Load data using a Unity Catalog external location

Preview

This feature is in Public Preview.

This article describes how to use the add data UI to create a managed table from data in Google Cloud Storage using a Unity Catalog external location. An external location is an object that combines a cloud storage path with a storage credential that authorizes access to the cloud storage path.

Before you begin

Before you begin, you must have the following:

File types

The following file types are supported:

  • CSV

  • TSV

  • JSON

  • XML

  • AVRO

  • Parquet

Step 1: Confirm access to the external location

To confirm access to the external location, do the following:

  1. In the sidebar of your Databricks workspace, click Catalog.

  2. In Catalog Explorer, click External Data > External Locations.

Step 2: Create the managed table

To create the managed table, do the following:

  1. In the sidebar of your workspace, click + New > Add data.

  2. In the add data UI, click Google Cloud Storage.

  3. Select an external location from the drop-down list.

  4. Select the folders and the files that you want to load into Databricks, and then click Preview table.

  5. Select a catalog and a schema from the drop-down lists.

  6. (Optional) Edit the table name.

  7. (Optional) To set advanced format options by file type, click Advanced attributes, turn off Automatically detect file type, and then select a file type.

    For a list of format options, see the following section.

  8. (Optional) To edit the column name, click the input box at the top of the column.

    Column names don’t support commas, backslashes, or unicode characters (such as emojis).

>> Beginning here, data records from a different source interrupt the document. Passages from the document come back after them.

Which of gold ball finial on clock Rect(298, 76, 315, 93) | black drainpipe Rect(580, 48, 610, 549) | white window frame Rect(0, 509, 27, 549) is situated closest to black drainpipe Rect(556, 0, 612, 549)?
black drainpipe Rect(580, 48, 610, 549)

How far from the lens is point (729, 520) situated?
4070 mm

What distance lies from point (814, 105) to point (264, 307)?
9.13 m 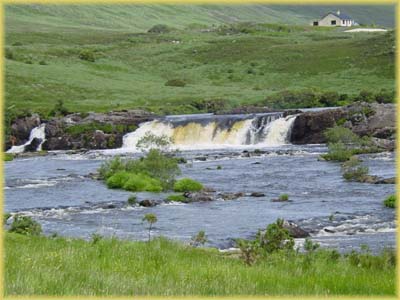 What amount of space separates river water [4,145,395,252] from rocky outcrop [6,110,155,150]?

  9. (Optional) To edit column types, click the icon with the type.

  10. Click Create table.

File type format options

The following format options are available, depending on the file type:

Format option

Description

Supported file types

Column delimiter

The separator character between columns. Only a single character is allowed, and backslash is not supported.

The default is a comma.

CSV

Escape character

The escape character to use when parsing the data.

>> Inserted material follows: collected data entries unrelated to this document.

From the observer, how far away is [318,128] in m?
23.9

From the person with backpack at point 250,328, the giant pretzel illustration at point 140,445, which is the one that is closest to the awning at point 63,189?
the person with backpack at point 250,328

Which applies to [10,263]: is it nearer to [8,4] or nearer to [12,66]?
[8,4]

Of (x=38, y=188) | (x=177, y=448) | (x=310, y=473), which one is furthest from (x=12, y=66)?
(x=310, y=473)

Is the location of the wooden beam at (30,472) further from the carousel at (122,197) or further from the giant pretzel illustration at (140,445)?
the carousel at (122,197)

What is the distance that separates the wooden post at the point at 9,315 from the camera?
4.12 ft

The default is a quotation mark.

CSV

First row contains the header

This option specifies whether the file contains a header.

Enabled by default.

CSV

Automatically detect file type

Automatically detect file type. Default is true.

XML

Automatically detect column types

Automatically detect column types from file content. You can edit types in the preview table. If this is set to false, all column types are inferred as STRING.

Enabled by default.

  • CSV

  • JSON

  • XML

Rows span multiple lines

Whether a column’s value can span multiple lines in the file.

Disabled by default.

  • CSV

  • JSON

Merge the schema across multiple files

Whether to infer the schema across multiple files and to merge the schema of each file.

Enabled by default.

CSV

Allow comments

Whether comments are allowed in the file.

Enabled by default.

JSON

Allow single quotes

Whether single quotes are allowed in the file.

Enabled by default.

JSON

Infer timestamp

Whether to try to infer timestamp strings as TimestampType.

Enabled by default.

JSON

Rescued data column

Whether to save columns that don’t match the schema. For more information, see What is the rescued data column?.

Enabled by default.

  • CSV

  • JSON

  • Avro

  • Parquet

Exclude attribute

Whether to exclude attributes in elements. Default is false.

XML

Attribute prefix

The prefix for attributes to differentiate attributes and elements. Default is _.

XML

Column data types

The following column data types are supported. For more information about individual data types see SQL data types.

Data Type

Description

BIGINT

8-byte signed integer numbers.

BOOLEAN

Boolean (true, false) values.

DATE

and day, without a time-zone.

DECIMAL (P,S)

Numbers with maximum precision P and fixed scale S.

DOUBLE

8-byte double-precision floating point numbers.

STRING

Character string values.

TIMESTAMP

Values comprising values of fields year, month, day, hour, minute, and second, with the session local timezone.

Known issues

  • You might experience issues with special characters in complex data types, such as a JSON object with a key containing a backtick or a colon.

  • Some JSON files might require that you manually select JSON for the file type. To manually select a file type after you select files, click Advanced attributes, turn off Automatically detect file type, and then select JSON.

  • Nested timestamps and decimals inside complex types might encounter issues.